Em entrevista a Juliano Spyer, Miguel Salvador afirmou que desenvolve seus documentários com um método profundamente pragmático, guiado menos por idealizações artísticas e mais por um senso de urgência e funcionalidade herdado de sua vivência na igreja. “Acho que o pessoal quer cura, quer milagre, quer um bem financeiro, isso não é o poder de Deus. O poder de Deus é a generação. Então eu pensei, cara, eu acho que eu tenho que fazer algo sobre isso. Acho que ninguém falou claramente sobre esse assunto”, disse. Confira a entrevista na íntegra:

Dinheiro, política e a perda do testemunho

O documentário também toca sem pudor em uma das feridas mais profundas do evangelicalismo atual: o envolvimento excessivo com o poder político e os escândalos financeiros. O púlpito, lugar sagrado para a tradição pentecostal, passou a abrigar figuras políticas sem compromisso com o Evangelho, em troca de visibilidade e influência.

A consequência, afirmam os entrevistados, é o descrédito público. “Hoje o evangélico é mais conhecido por seu viés ideológico do que pelo amor cristão”, lamenta um pastor. Outro completa: “Quem dera voltássemos a ser conhecidos como o povo que grita aleluia. Agora somos o povo do partido”.

A fé pura

Entre a desesperança com a grande igreja institucionalizada e o vazio das promessas de prosperidade, O lugar onde mora a esperança encontra sua beleza justamente na resistência. Pequenas comunidades, igrejas locais e líderes comprometidos com a fé genuína aparecem como luzes em meio à escuridão.

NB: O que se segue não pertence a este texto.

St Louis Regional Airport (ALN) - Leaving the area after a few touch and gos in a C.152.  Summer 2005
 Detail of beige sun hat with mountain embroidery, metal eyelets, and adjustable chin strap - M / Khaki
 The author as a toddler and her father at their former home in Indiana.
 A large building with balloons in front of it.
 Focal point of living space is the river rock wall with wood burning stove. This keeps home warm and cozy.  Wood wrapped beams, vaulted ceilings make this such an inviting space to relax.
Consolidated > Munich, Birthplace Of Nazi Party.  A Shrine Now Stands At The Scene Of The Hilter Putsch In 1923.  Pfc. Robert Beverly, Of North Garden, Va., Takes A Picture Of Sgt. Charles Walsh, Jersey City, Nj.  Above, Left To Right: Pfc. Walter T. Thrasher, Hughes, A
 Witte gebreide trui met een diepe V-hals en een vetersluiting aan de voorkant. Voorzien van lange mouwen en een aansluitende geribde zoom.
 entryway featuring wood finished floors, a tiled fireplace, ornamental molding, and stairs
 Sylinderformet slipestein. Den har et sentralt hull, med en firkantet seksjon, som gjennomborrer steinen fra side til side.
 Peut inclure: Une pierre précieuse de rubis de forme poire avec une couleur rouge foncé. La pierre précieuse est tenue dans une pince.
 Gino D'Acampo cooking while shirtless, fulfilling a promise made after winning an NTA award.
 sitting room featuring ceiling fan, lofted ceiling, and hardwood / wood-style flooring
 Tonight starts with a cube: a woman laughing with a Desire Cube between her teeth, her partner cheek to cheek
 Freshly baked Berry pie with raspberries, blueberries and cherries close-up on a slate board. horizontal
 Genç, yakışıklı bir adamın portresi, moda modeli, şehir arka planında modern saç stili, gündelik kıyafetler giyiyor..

São histórias de discipulado verdadeiro, de adoração nas madrugadas, de confissão mútua de pecados, de evangelismo em comunidades esquecidas. Em Cordislândia (SP), um pastor abre as portas da própria casa para jovens órfãos de afeto. No povoado de Batmaré (PI), uma igreja floresce em meio à seca e à miséria, carregada pela fé de mulheres simples e convictas. No interior da Paraíba, um antigo templo neopentecostal ressurge como uma comunidade reformada de base, com ensino, mesa compartilhada e perdão.

Há uma espiritualidade orgânica, enraizada em práticas comunitárias, que persiste onde os holofotes não alcançam. É lá que Salvador encontra o que chama de “fé pura”.

Esperança: um rio subterrâneo

O tom final do documentário não é de denúncia amarga, mas de esperança crítica. Salvador encontra, por todo o Brasil, o que chama de “remanescente”: homens e mulheres de oração, que permanecem fiéis ao Evangelho em meio à estiagem institucional. Um “rio subterrâneo” de fé, que ainda carrega a vida do que um dia foi o cristianismo vivo.

Para Salvador, a solução não está em trocar de tradição ou adotar um novo rótulo teológico, mas em voltar ao essencial: a comunhão, a doutrina dos apóstolos, o partir do pão, a oração e o amor.